Inspired by recent experiences after Storm Darragh, CTP’s Chief Executive, Liz Zeidler, shares insights into the important work Centre for Thriving Places’ teams are delivering that are helping rewire local economies and grow the power and voice of local people and communities.
In the recent storms our house lost power for two days. What started as a small annoyance soon became remarkably debilitating as we adapted to life without lights, heating, the ability to cook, charge phones, use the internet or even boil the kettle for a cup of tea. The ‘romance’ of a wood fire and candles quickly wore off and we were beyond grateful to the engineers when they finally restored our ‘normality’.
Our thoughts turned to those, particularly in places like Gaza or Ukraine, where such literal powerlessness is their normal. What privilege we are surrounded by even in the most mundane and taken-for-granted aspects of our daily life.
Yet that one word – POWER – is so much bigger than what comes out of a socket, and so much more influential in its dealing out of privilege, access, influence and opportunity.

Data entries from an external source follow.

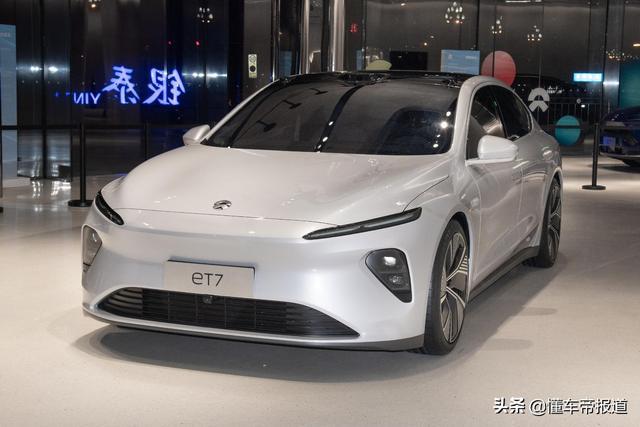 新车｜哪吒全新车型EP40将亮相上海车展，续航达1100公里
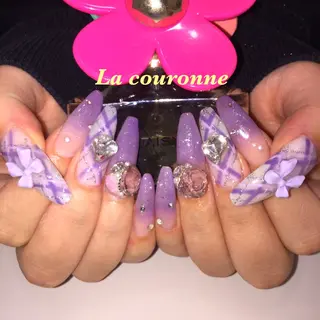 ネイル Lacouronne NATSUMIのネイルデザイン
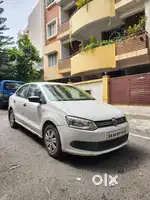 Volkswagen Vento Comfortline (2011)
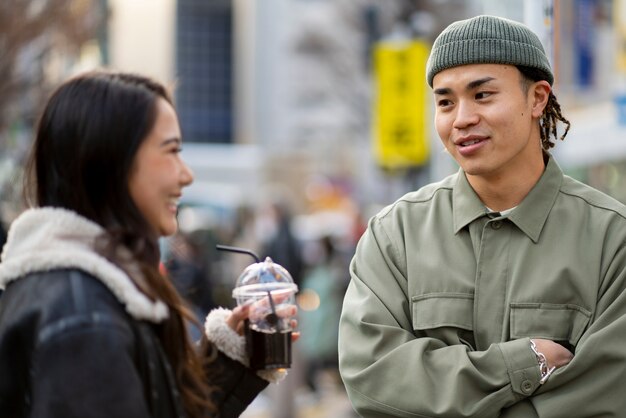 Japanische Teenagerfreunde, die Spaß haben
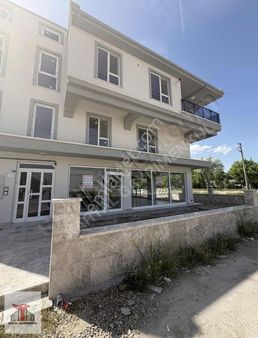 Kartal Gayrimenkulden Uydukent'de Kiralık Dükkan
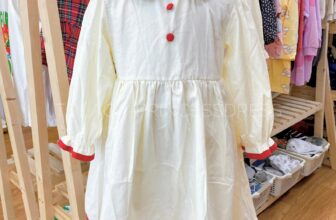 [???]  Tớ là Cá – Princess Dress – chuyên váy cho bé gái ?‍?❤️️?⭐️  Một chiếc thô cotton mỏng 13-50kg siêu xinh cho mùa lễ hội. #280k/c nhé các mẹ. Các hoạ tiết đều thêu nổi. Viền đỏ nhẹ nhàng, tay bồng ạ. Inbox shop ngayy , shares-0✔️ , likes-3❤️️ , date-2024-10-31 22:38:26????????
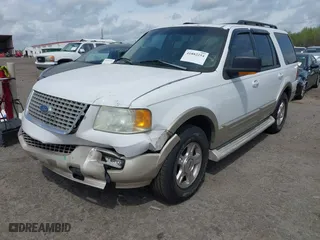 2005 Ford Expedition Eddie Bauer with VIN 1FMFU17525LA68887, listed as a IAAI auction lot 41882254 with 207,010 mi miles. Bid and sale history available at carsss.com. Image 2.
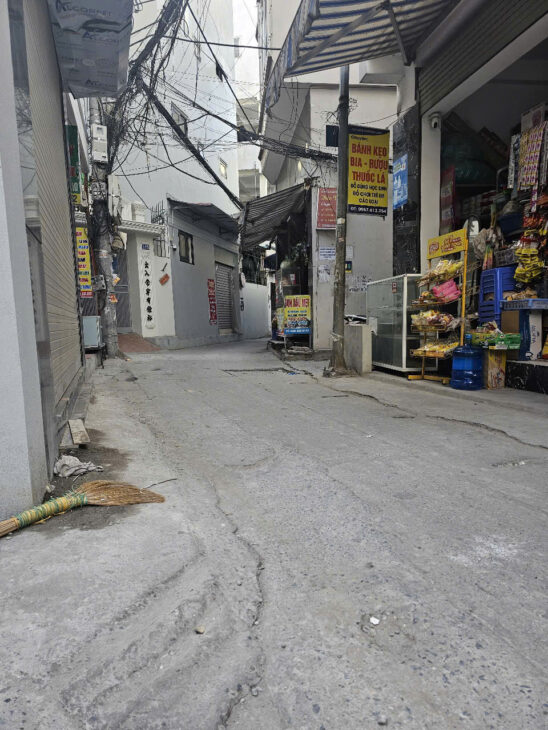 bán gấp nhà dân xây văn trì 35m2x4 tầng, ô tô 70m, xe ba gác vào nhà, giá chỉ 4.6 tỷ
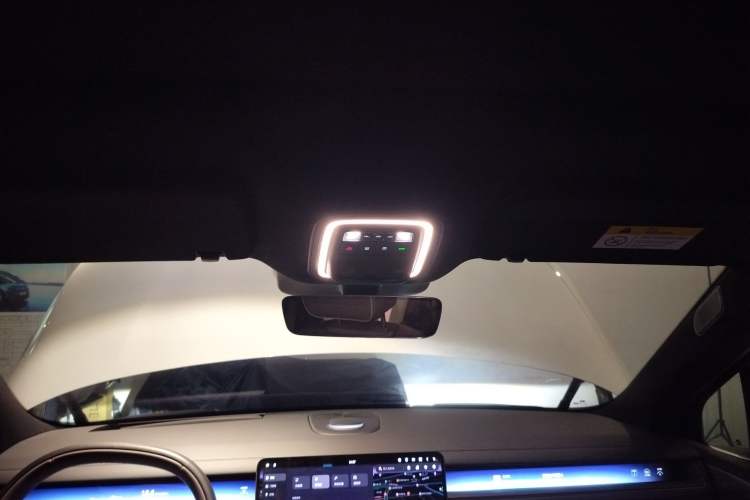 Used Nio ES8 2026 Model 7-seat Executive Luxury Edition Headliner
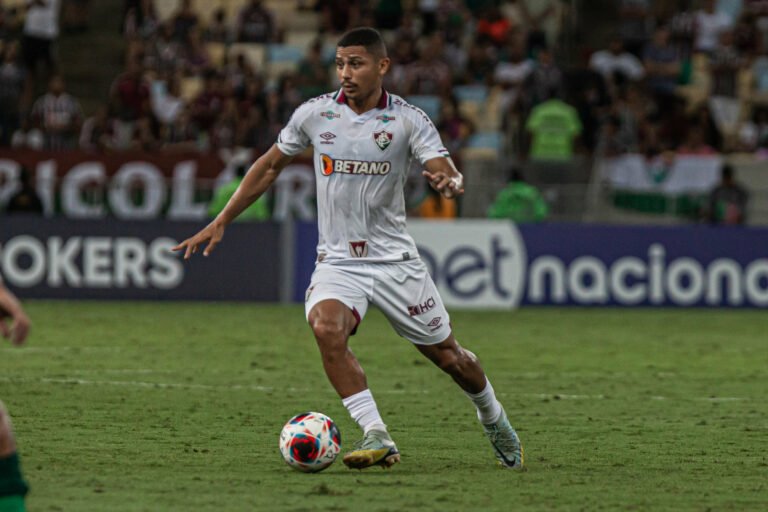 André admite que recebeu proposta para deixar o Fluminense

If such temporary removal of our electrical power could render us almost useless, what does this tell us about living without voice and power and choices across the whole of a life-course?
A large part of Centre for Thriving Places’ work is about shifting power. Usually devolving it ‘downwards’ in our hierarchical and centralised society.
Our work seeks to shift power (and wealth) from global corporations to local businesses and communities. From the former – who so often extract wealth for the few, exploit the many, and negatively affect our health and that of our planet – to the latter who recirculate wealth and opportunity to the places and communities of which they are part.
We also work with governments to devolve power from national leaders to regions and cities so that local leaders, who witness on a daily basis the reality of their places, can strengthen their ability to improve lives and grow opportunities in their areas.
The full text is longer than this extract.